The quick conviction on Monday in a political court of Dr. Saad El-Din Ibrahim and 27 associates is a serious blow against Egypt’s burgeoning pro-democracy movement. It also raises serious questions about continued U.S. military and economic aid to the increasingly authoritarian regime of Hosni Mubarak.

Dr. Ibrahim and his colleagues served with the Ibn Khaldun Center for Developmental Studies, a think tank dedicated to the promotion of civil society in Egypt and throughout the Arab world. Last year, the Egyptian government shut down this internationally renowned center, known for its study of applied social sciences in Egypt and the Arab world. Its monthly publication, Civil Society, has been an important source of information and analysis for scholars across the globe.

The Center had also engaged in monitoring elections and workshops in civic education. Such activities resulted in the stunning seven-year sentence for Dr. Ibrahim.

The closure of the center and the jailing of its staff is clearly intended to deter other academics from pursuing research and related activities. The result can only harm the free exchange of ideas crucial to advancing political pluralism in Egypt and other Arab countries.

The convictions are the latest in a series of repressive government measures against Egyptian scholars, democrats, feminists, and human rights activists.

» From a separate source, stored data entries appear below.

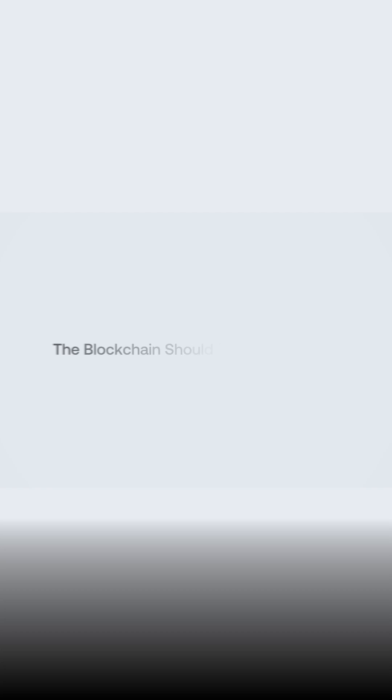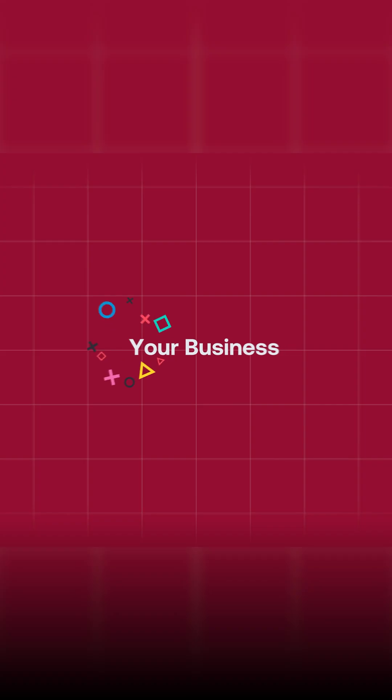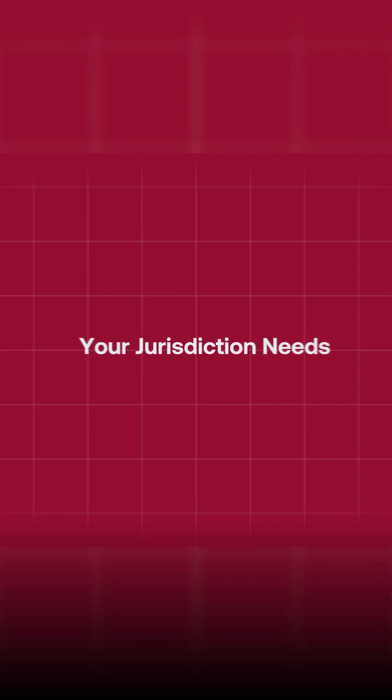The blockchain should enable your asset, your business, your compliance, your jurisdiction needs to make you the best product possible, the best business possible, right?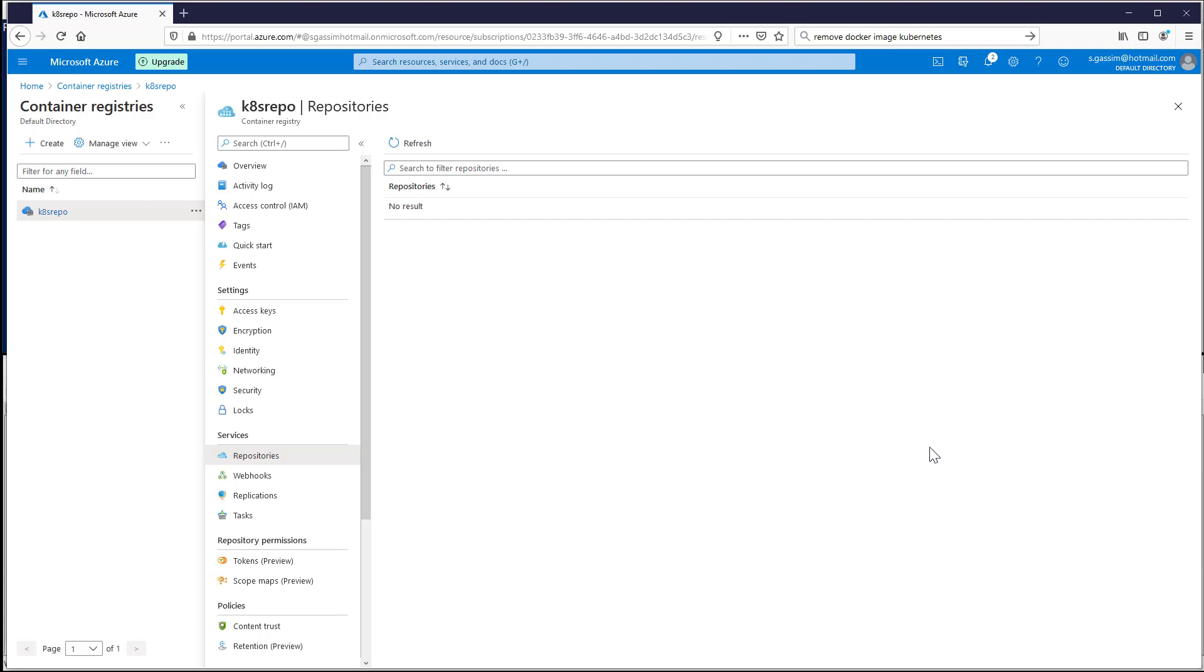Hello everyone, in today's video I'm going to show you how to use Azure Container Registries with your Kubernetes cluster. So let's get started.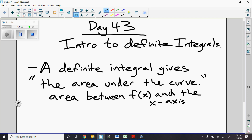A couple of things to know about this area. If this area is above the x-axis, our definite integral will report a positive number, as long as we're going in the right order — we'll talk about that a little bit more later. And if the area is below the x-axis, then the number will come out to be negative.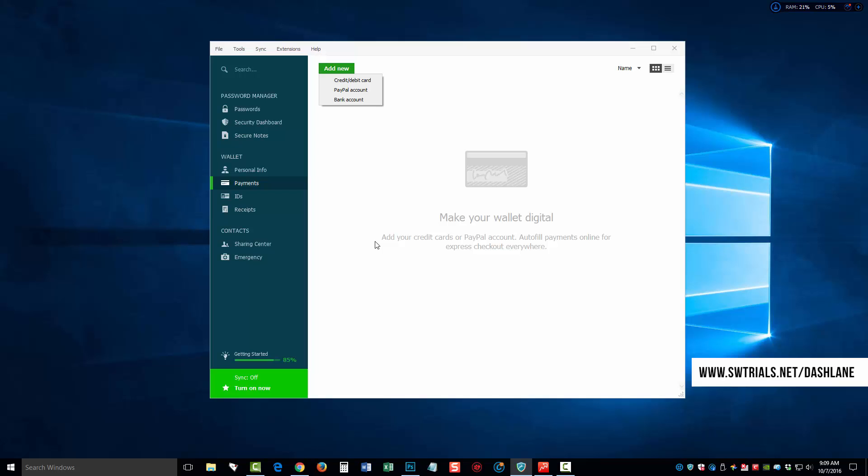And I do just want to give you a heads up. When you create your account, it's going to ask you to create a master password that's going to give you full access to your software. Now, you have to remember your master password. And if you forget it, there is no option to recover that password. There's no option to send you a reminder of that password because that's what makes this software so secure is that you are the only one that knows that master password. Therefore, you're the only one that can access the information within the Dashlane password manager. So, do not forget the master password.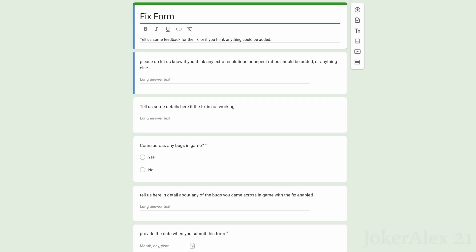The last thing I want to cover inside of this tutorial is the new system that we're putting in for all of our fixes going forward which is fix forms. So if you come to the link down in the description it will take you to this website here. This is basically our form where we leave this here for you guys to give us feedback on our fixes, so any feedback that you have regarding the fix at all, any bugs encountered, then you can leave them here and submit it to us and then it means we can easily collect all this data in one place.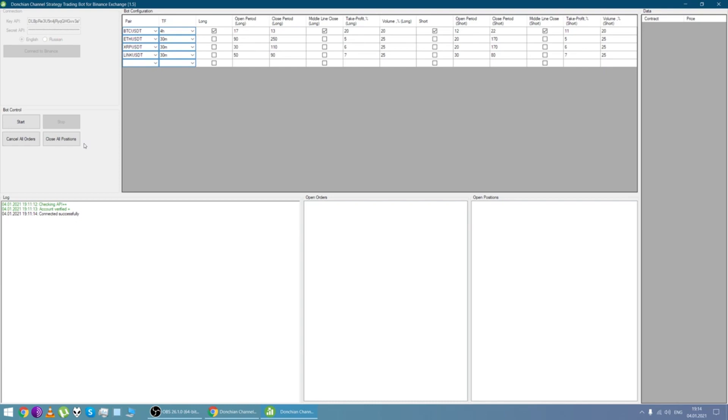If they're opened, but we don't have any open positions, so we can cancel all orders and start the bot. To start the bot we click the start button.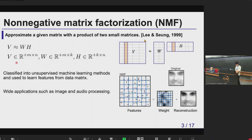Matrix factorization is classified into unsupervised machine learning methods, and it is used to learn features from a data matrix. Here's an example: the original image data is expressed as matrix V. From this data, we calculate features and their weights, and as a result, we can approximate the original data with two small matrices.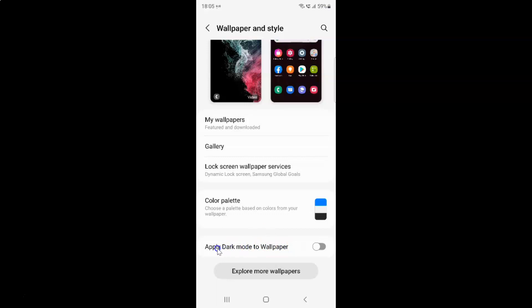To enable 'Apply dark mode to wallpaper' you have to enable the toggle button next to it. To enable this toggle button you have to tap on it so that the slider moves to the right. Let me show you — let me tap on it.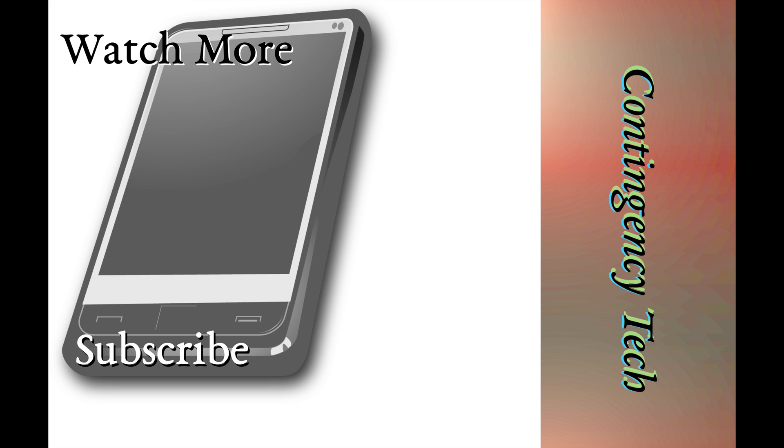If this did not work for you, feel free to sound off in the comments below. If it did, also feel free to let me know. And as always, if you like this video, feel free to hit that like button and subscribe for more.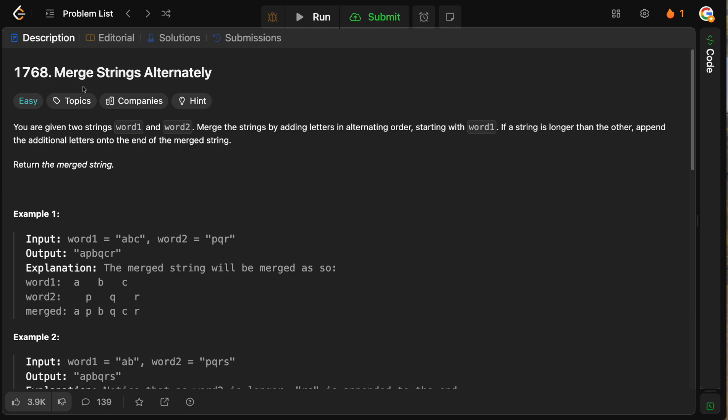Hello and welcome back to the Cracking Fang YouTube channel. Today we're solving LeetCode problem 1768, merge strings alternately.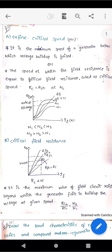What is critical speed and critical field resistance in case of DC generators? The critical speed of a DC generator is the minimum speed at which the voltage buildup fails. The speed at which the field resistance is equal to the critical field resistance is called the critical speed.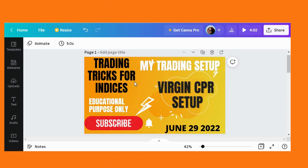Welcome to Trading Tricks for Indices YouTube Channel. It's been 3 months since I posted any video. Sorry for that.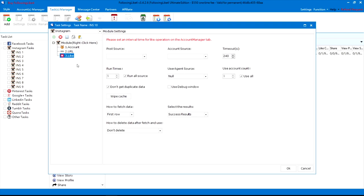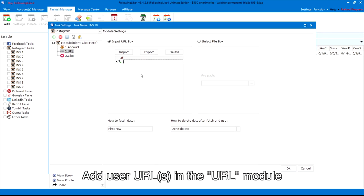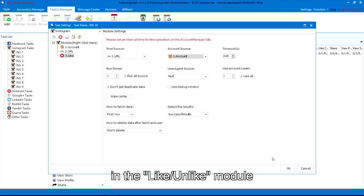Then, select your accounts in the account module. Add post URLs in the URL module. Lastly, select post source and account source in the like-unlike module.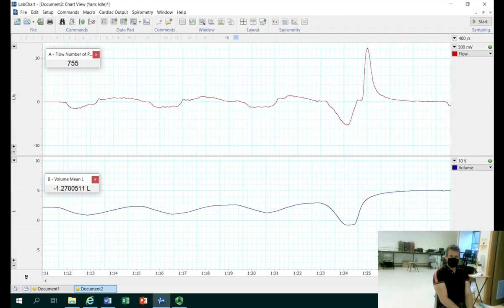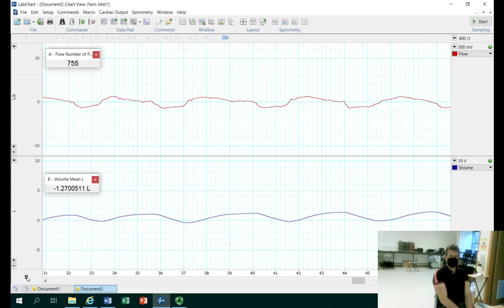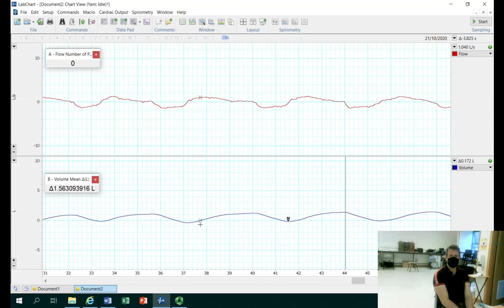Going back through the data, we go to somewhere in the latter part of that minute of normal data. We can use our N badge tool, bring it to the bottom of a particular breath and then measure the top of that breath, which gives us our volume. This participant's tidal volume was at the upper end, about 1.5 litres per breath. We can also calculate the breathing rate by counting the number of breaths in that minute and from that calculate minute ventilation — multiplying 1.5 litres by the number of breaths; for example, 1.5 with 15 breaths gives about 22.5 litres per minute.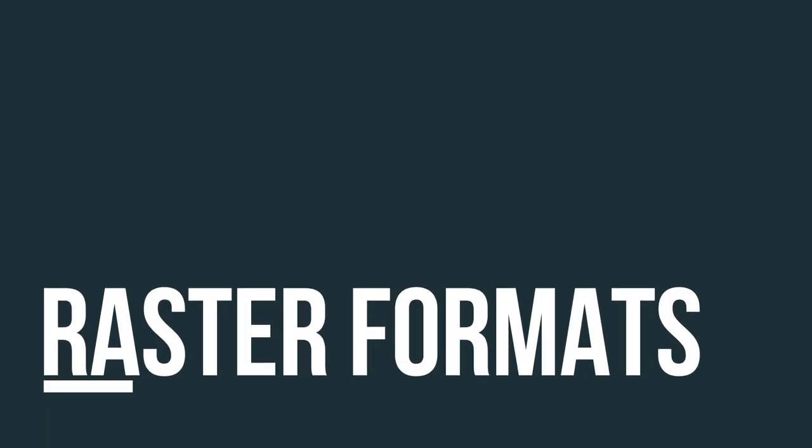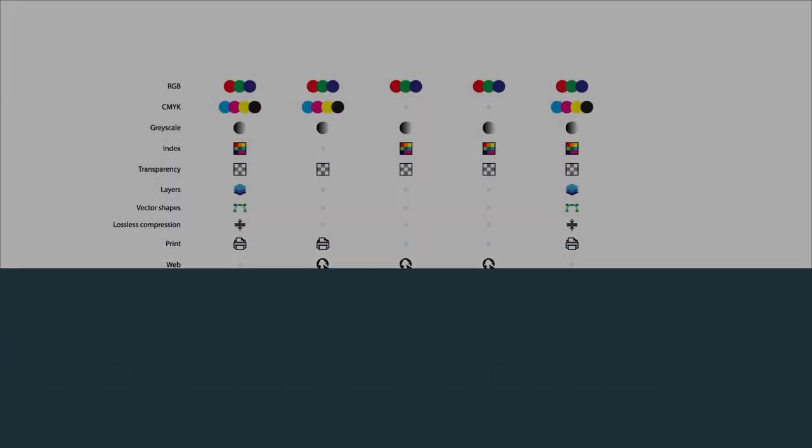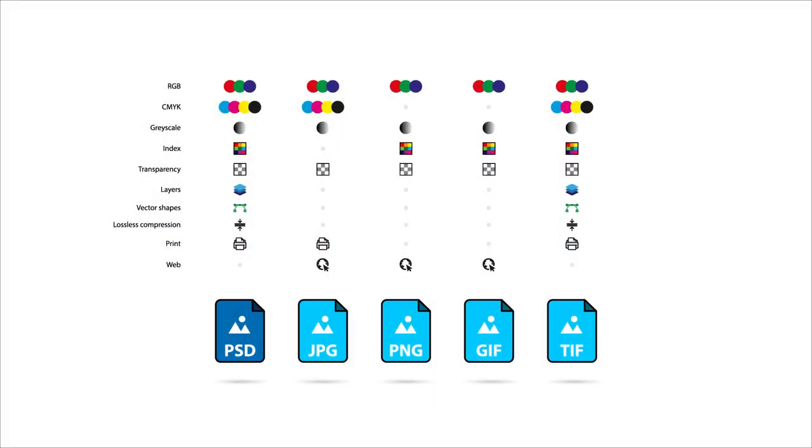Raster files come in a multitude of file formats. Amongst the most commonly used are PSD, JPEG, PNG, GIF and TIFF.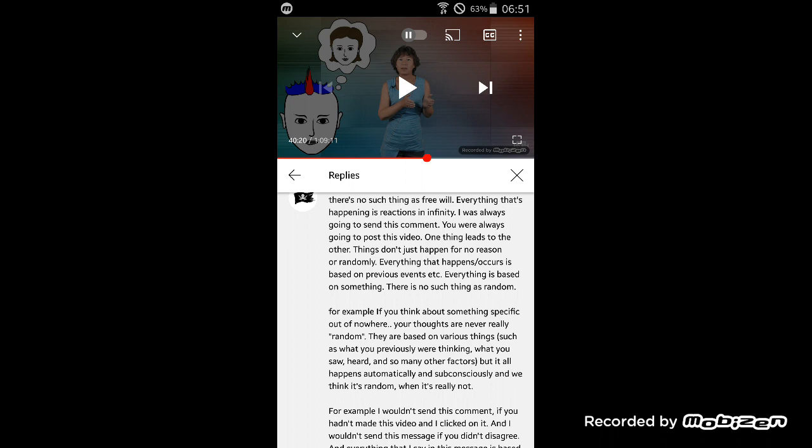But even if somehow you could prove that I was at some point going to talk about free will, what about the content of the video and what I say in it? What I think, what I believe. It's not just because there is cause and effect, that doesn't mean we don't have free will. These are not mutually exclusive.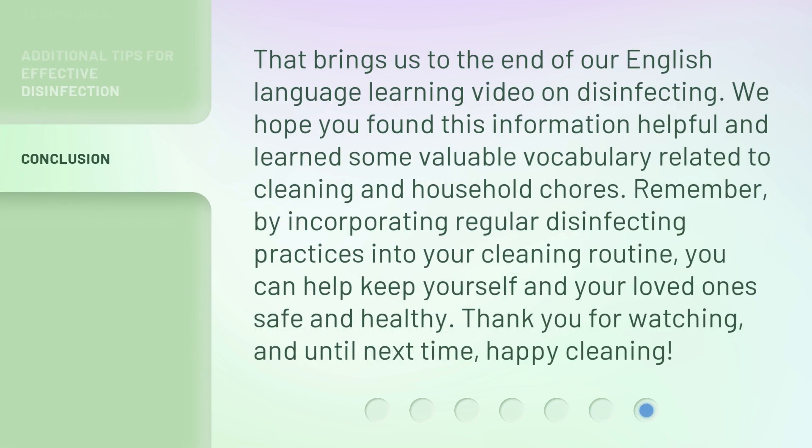That brings us to the end of our English language learning video on disinfecting. We hope you found this information helpful and learned some valuable vocabulary related to cleaning and household chores. Remember, by incorporating regular disinfecting practices into your cleaning routine, you can help keep yourself and your loved ones safe and healthy. Thank you for watching, and until next time, happy cleaning!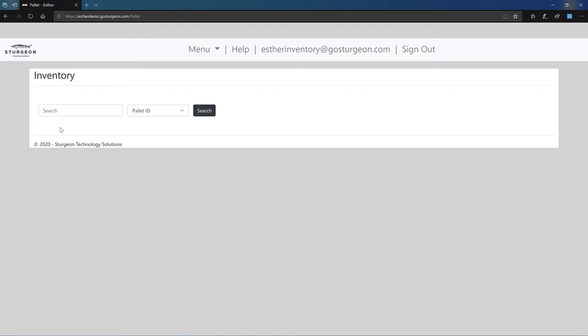Hello, this is David with Sturgeon Technology Solutions. This video will be a tutorial for the inventory role within our ester environment. The role of inventory applies to those that are inventorying received pallets by creating device level records we call esters. The inventory role also determines whether the device records go to the testing phase or are recycled.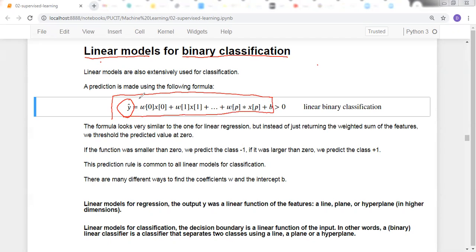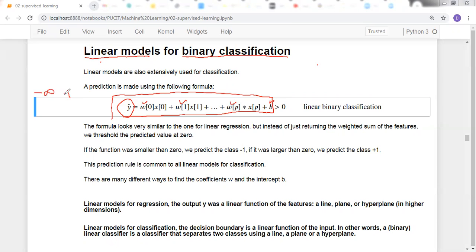In linear models for binary classification, we have a very similar equation. In this equation, we have weights w0, w1, w2, up to wp, and a bias term — these are the parameters learned from data. The key difference is that in regression, y has continuous values ranging from minus infinity to plus infinity.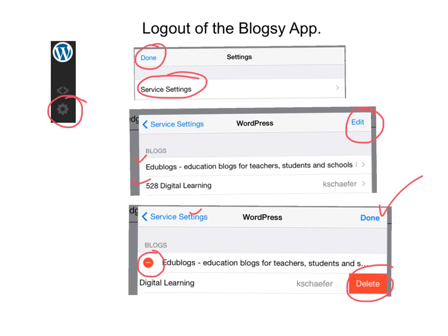I realize I made a slight mistake: in Service Settings, you do have to make sure you press on WordPress before you will see all your blogs listed, since we are all using self-hosted WordPress.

Egypt is the second largest recipient of U.S. economic and military assistance. As long as the Mubarak regime knows that U.S. aid will flow regardless of its violations of internationally recognized human rights, there is little incentive to change its patterns of abuse.

The nearly two billion dollars in military and economic aid designed to prop up the Mubarak regime has also been rationalized as needed to “support the Camp David Accords.” This largesse of U.S. taxpayer dollars was originally designed as a one-time implementation of the 1978 peace agreement between Egypt and Israel. Since most peace agreements have led to demilitarization, not increased arms shipments, the largely military nature of the aid package was controversial even then.

However, Democratic and Republican administrations alike, as well as both parties in Congress, have continued pouring this military and economic assistance into the corrupt and autocratic Egyptian government annually for each of the twenty-three subsequent years. Concerns by pro-democracy groups in Egypt and human rights groups in the United States that such aid was only making further repression possible has been rejected by Washington, with the Orwellian response that such aid “supports peace in the Middle East.”

There is a kind of pseudo-sensitivity among policymakers in Washington that argues that human rights concerns are not important in Arab societies. Yet the international human rights violations covenants routinely violated by the Egyptian regime and other Middle Eastern governments are based on the Universal Declaration of Human Rights, deemed universal because they do reflect an international consensus.

The fact is that Arabs and Muslims do not like being detained, denied due process, tortured, and murdered for their political beliefs by repressive governments any more than do Western Christians. To imply otherwise is simply racist.

Indeed, when Egypt signed the International Covenant on Civil and Political Rights in 1982, the government became legally bound to uphold its principles.

The growing popular anti-American sentiment in Egypt, the largest and most important country in the Arab world, stems not so much from U.S. support of Israel as it does U.S. support for Mubarak’s dictatorial rule. As with support for the Shah of Iran, the U.S. may find itself faced with a successor regime embittered by the longstanding U.S. support of the ousted dictator.

The Bush administration should suspend all military and government-to-government economic assistance to the Mubarak regime until it ends its human rights abuses and allows for free and competitive elections. The United States cannot hope to promote democracy around the world as long as its supports repressive rule in Egypt or anywhere else.